When I speak about Medicare Secondary Payer Compliance, I am invariably asked the question about my knowledge of any situations where Medicare has enforced penalties under Section 111 of the Medicare & Medicaid SCHIP Extension Act, or otherwise successfully pursued a lawsuit against insurance companies, including self-insurance, for conditional payment reimbursement. My answer is always “no”, and typically a collective sigh of relief is heard from the audience as there is the belief there is still time to get their compliance house in order. Even though I make it clear the Department of Treasury is pursing collections of conditional payments and that Medicare contractors continue to send letters demanding reimbursement for cases that were never reported, there are no specific lawsuits I can point to where Medicare has recovered against a casualty insurance plan or self insurance. Nonetheless, I came across a recent hospital settlement; underscoring the volatility of ignoring compliance, as whistle blowers under the False Claim Act (FCA) may more than make-up for CMS delay in such enforcement actions.

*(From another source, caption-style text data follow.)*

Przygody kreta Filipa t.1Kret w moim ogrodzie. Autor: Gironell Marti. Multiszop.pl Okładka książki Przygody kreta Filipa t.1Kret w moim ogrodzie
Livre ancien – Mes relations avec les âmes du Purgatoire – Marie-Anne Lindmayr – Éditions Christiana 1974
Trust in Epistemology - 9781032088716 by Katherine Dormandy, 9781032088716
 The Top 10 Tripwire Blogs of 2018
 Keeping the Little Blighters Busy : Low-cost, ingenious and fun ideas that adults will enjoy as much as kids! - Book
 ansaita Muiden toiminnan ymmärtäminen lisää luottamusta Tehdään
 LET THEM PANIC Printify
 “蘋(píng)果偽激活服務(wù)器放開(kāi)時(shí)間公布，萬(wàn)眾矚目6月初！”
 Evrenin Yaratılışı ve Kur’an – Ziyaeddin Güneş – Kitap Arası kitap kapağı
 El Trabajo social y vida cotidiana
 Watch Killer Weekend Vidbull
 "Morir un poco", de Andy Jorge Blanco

The False Claims Act (31 U.S.C. §§ 3729 – 3733) imposes liability on individuals and companies who defraud governmental programs. The law includes a “qui tam” provision empowering people who are not affiliated with the government to file actions on behalf of the government. Claimants, commonly referred to as “whistle blowers,” can stand to receive up to 25% of the awarded damages, which can be trebled under this law. Click here for the False Claims Act: A Primer.
Last August, we sponsored a WCI breakout session at the 68th Annual Florida Workers’ Compensation Conference featuring former Assistant U.S. Attorney for the Western District of New York, Robert Trusiak. Mr. Trusiak was the Affirmative Civil Enforcer (ACE) for the WDNY and responsible for the successful prosecution of hundreds of FCA claims over his 20 year career with the Agency. His discussion focused on the progression of the FCA claims that started against military vendors and moved on to pharmaceutical suppliers. He predicted such claims would soon be applied to Parties required to meet MSP compliance. It appears he was right.
In the recent hospital situation, the U.S. settled with the hospital for $3.675M. The basis for the settlement was the alleged filing of false health care claims with the United Sates under the Medicare program by failing to report the amounts the defendants received or expected to receive from third-party payers, or wrongfully withheld repayments form the United States after the defendants received payments from third-party payers who were obligated to pay the bill.
This settlement is interesting and follows another similar settlement back in 2007, against a Houston-area hospital system for $15.5M. The allegations there were similar, implicating FCA liability under the Medicare Secondary Payer Act which requires hospitals to seek payment from insurers who are responsible for the bill rather than automatically turning to Medicare for reimbursement. Click here to read the full article. Whether it is Group Health Plans or Non-Group Health Plans with a responsibility to pay ongoing medical, Hospitals appear to be a target of growing qui tam actions that will force them to seek reimbursement from responsible parties first. In turn, the industry will be forced to step up identification of conditional payments and its prompt reimbursement.
An issue we now must concern ourselves with because of these settlements is whether Non-Group Health Plans are shielded from similar claims by disgruntled employees? Based on Mr. Trusiak’s presentation, the answer would be “yes” more likely than not, but time will tell as to whether whistle blowers are preparing claims to assist Medicare with missed recoveries.